San Francisco’s victory gardens project grows a community
Judy Shannon wasn’t sure how to pick lettuce. She worried that snipping thyme would kill the plant. It was, after all, her first harvest.
With trepidation, she filled a plastic bag with enough for a salad for herself and her husband, then held it up in triumph -- one success of the Victory Gardens 2008-Plus project. The city-funded effort in San Francisco also included the planting of one-third of an acre in the plaza outside City Hall, where 4,000 plants yielded hundreds of pounds of food for shelters.
“In the beginning I didn’t want to call it Victory Garden,” said Amy Franceschini, an artist and teacher who founded the project, first as a San Francisco Museum of Modern Art exhibit, then as a city program in private yards. Franceschini’s worries about the phrase’s wartime origins were justified when a local official offered praise, remarking that the gardens could help keep Americans safe from the Taliban.
But over time she came to see the phrase in another context, as “a victory of self-reliance, independence from the industrial food system, community involvement.” And, she said, the term galvanized people of all kinds.
“If people can afford good food, that is a victory,” Franceschini said.
Victory Gardens 2008-Plus is a program of Garden for the Environment, an 18-year-old city demonstration garden, and San Francisco’s Department of the Environment, which provided $60,000. Department of the Environment Environment department director Jared Blumenfeld called the Civic Center garden a symbol of land used to “fill a lot of environmental and social objectives and show that people could get excited about it.”
That symbol was dismantled in late fall. It’s the home gardens that were meant to make a permanent change. Through a Craigslist ad, Franceschini solicited participants. Within a day, 800 people had responded. Eighteen pilot gardens were planted. The locations were diverse, as were the gardeners and their needs. A team built raised beds, recommended plants and taught residents how to care for gardens.

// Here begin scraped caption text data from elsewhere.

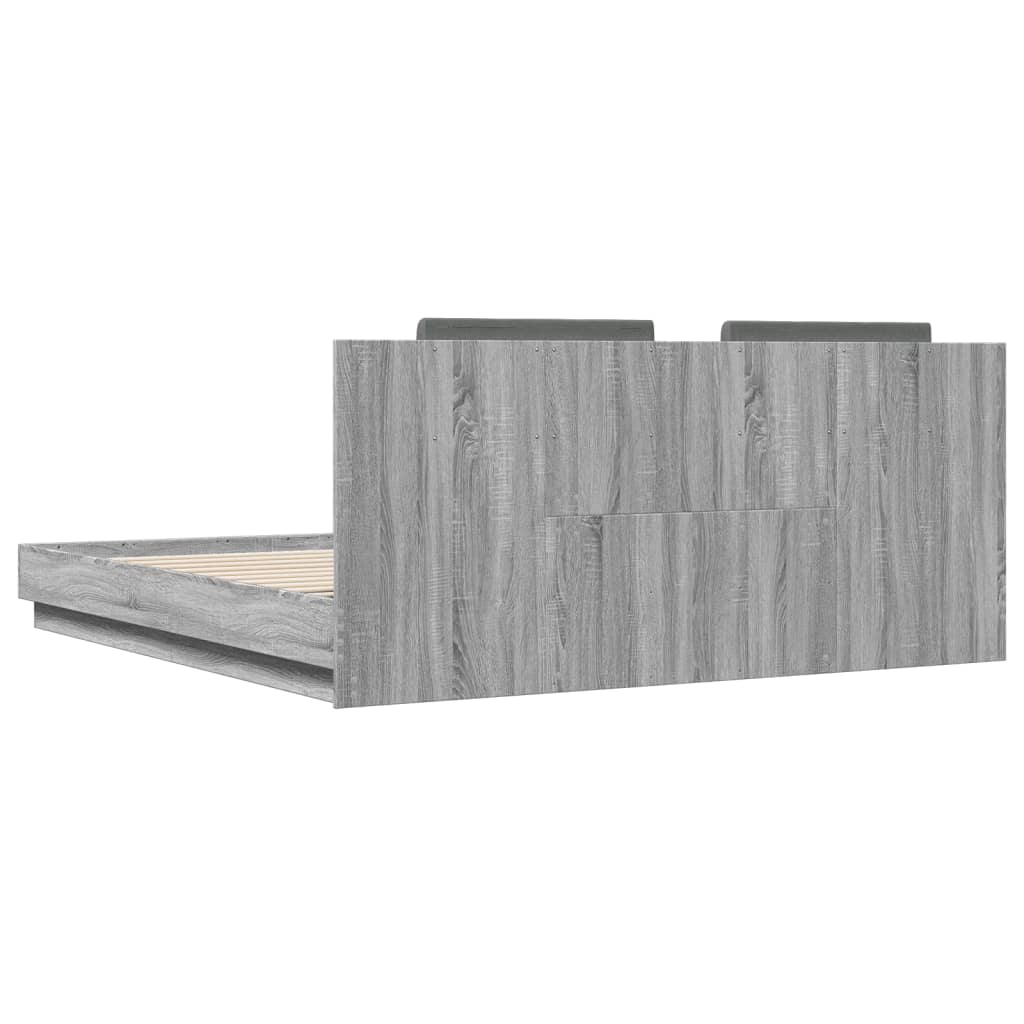 Bed Frame With Headboard And Led Lights Grey Sonoma 180X200 Cm Super King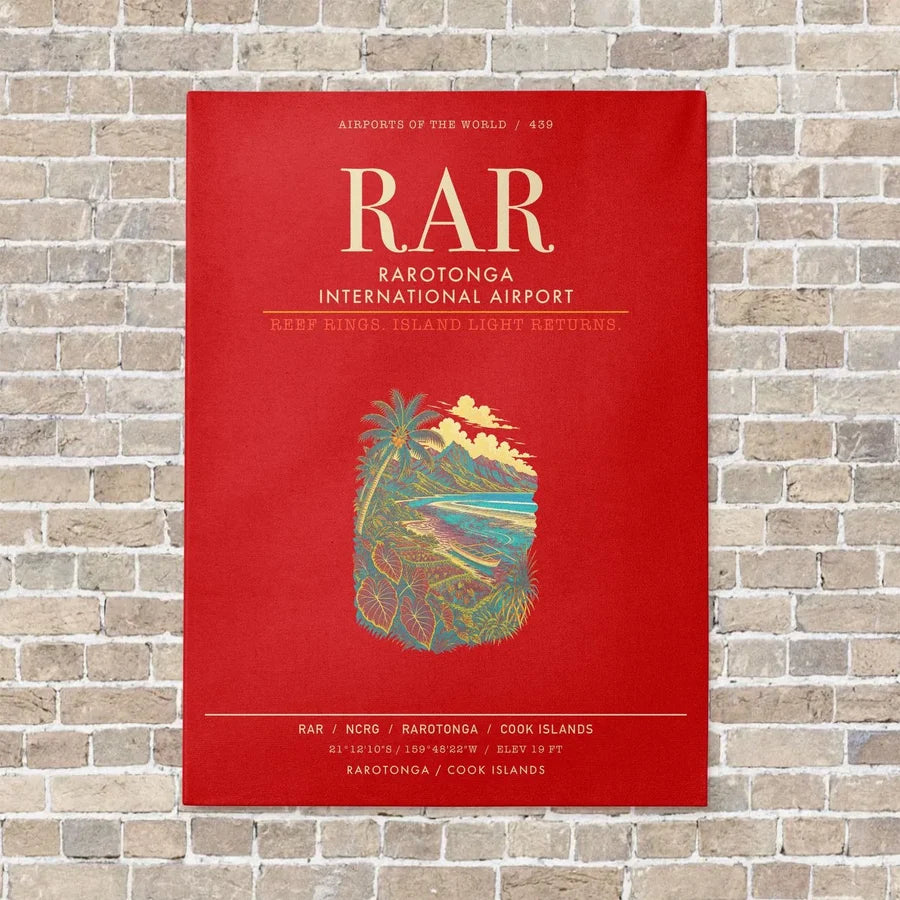 Rarotonga International Airport RAR - Canvas Framed - Red
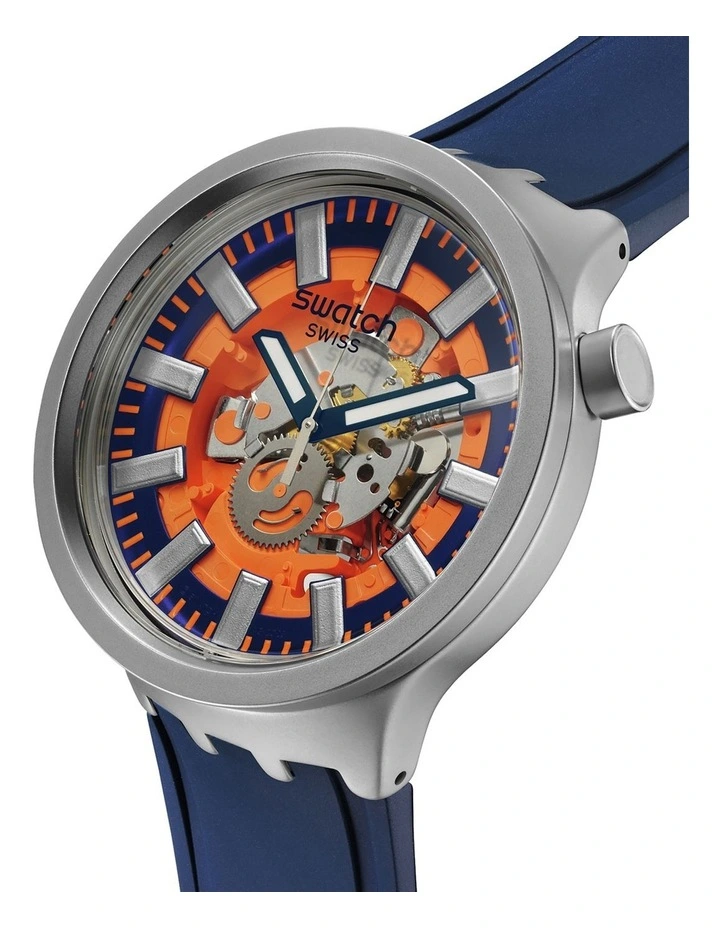 Orange In The Works Watch in Blue image 3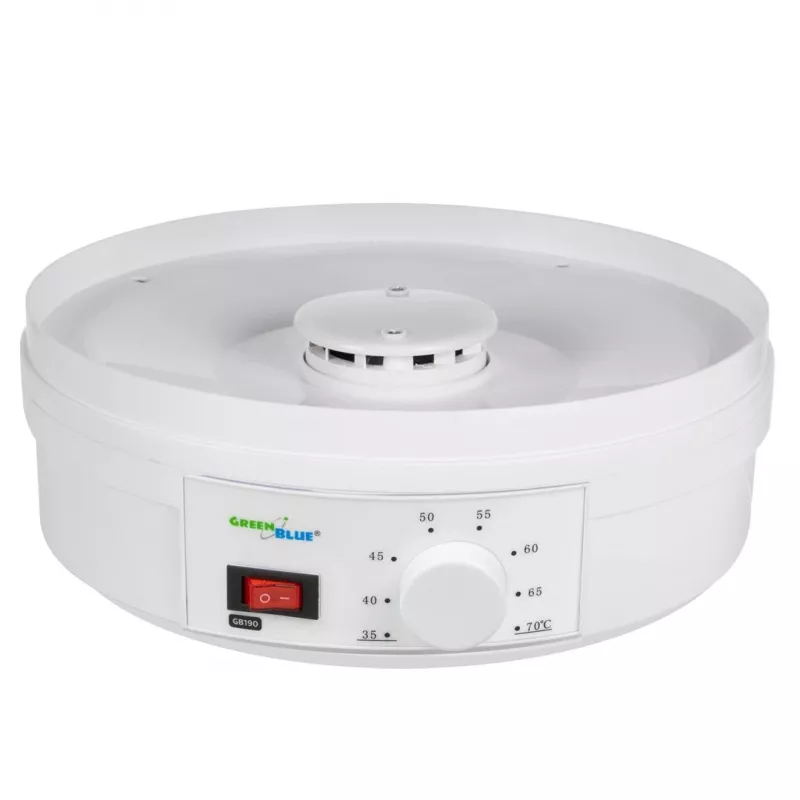 GreenBlue GB190 Dörrgerät für Pilze, Gemüse und Obst, 5 Etagen, 250 W, einstellbare Temperatur 35–70 °C, Weiß
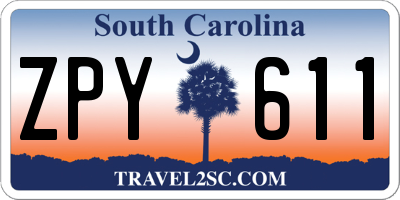 SC license plate ZPY611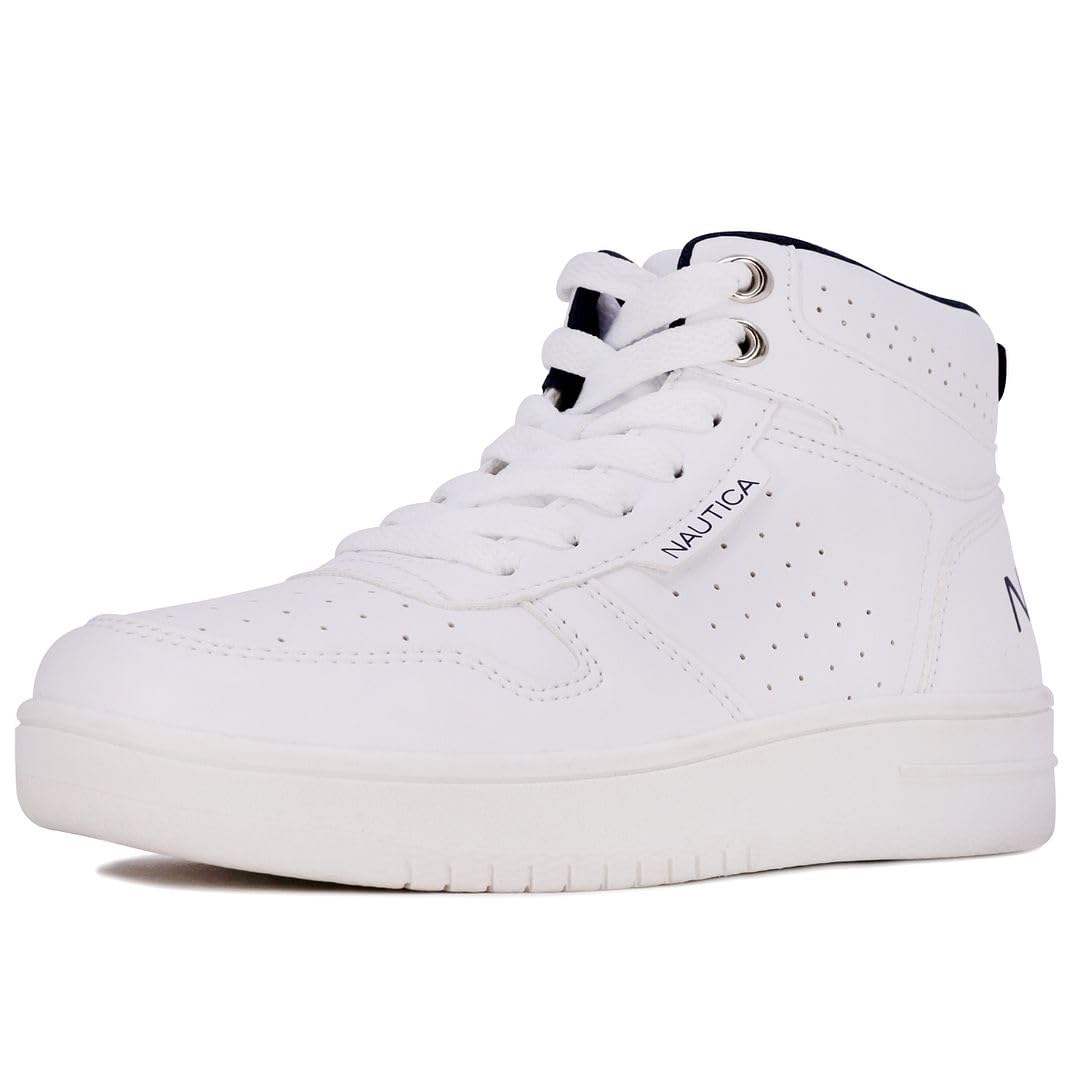Nautica Boys High-Top Sneakers Lace-Up Trainers Basketball Style Shoes-Oakford Youth-White Smooth Size-5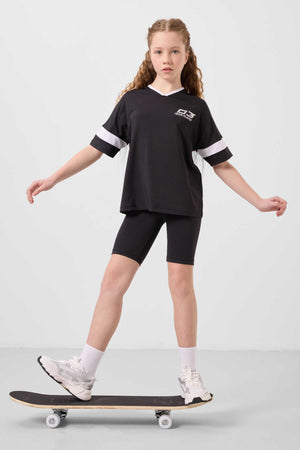 Tommylife Toptan V Yaka Kemer Detaylı Standart Fit Performans Kız Çocuk Tayt Takım 75187 Siyah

Hanzhang Lin, who came to the United States a year ago from China, said that after Victory Gardens 2008-Plus put in a couple of raised beds in his backyard, he went to town. With his 12-year-old granddaughter translating, he said he added a makeshift greenhouse, built two compost bins from discarded window blind slats and planted bok choi. He has peas, figs, herbs, tomatoes and strawberries too.
Shannon’s garden in the Excelsior neighborhood is a redwood box the size of a coffee table, perched on legs to accommodate her wheelchair. Drip irrigation tubes are on a timer. The garden has inspired her to make the difficult trip outside more often. “I call it God’s little acre -- a special box of hope,” she said.
Garden for the Environment also works with schools and offers lessons on composting and other practices, director Blair Randall said. Planting a garden provides food and flowers, of course, but also exercise and community building. “There are inherent good things to come from gardening,” he said, “more than just the amount of food it can put on your plate.”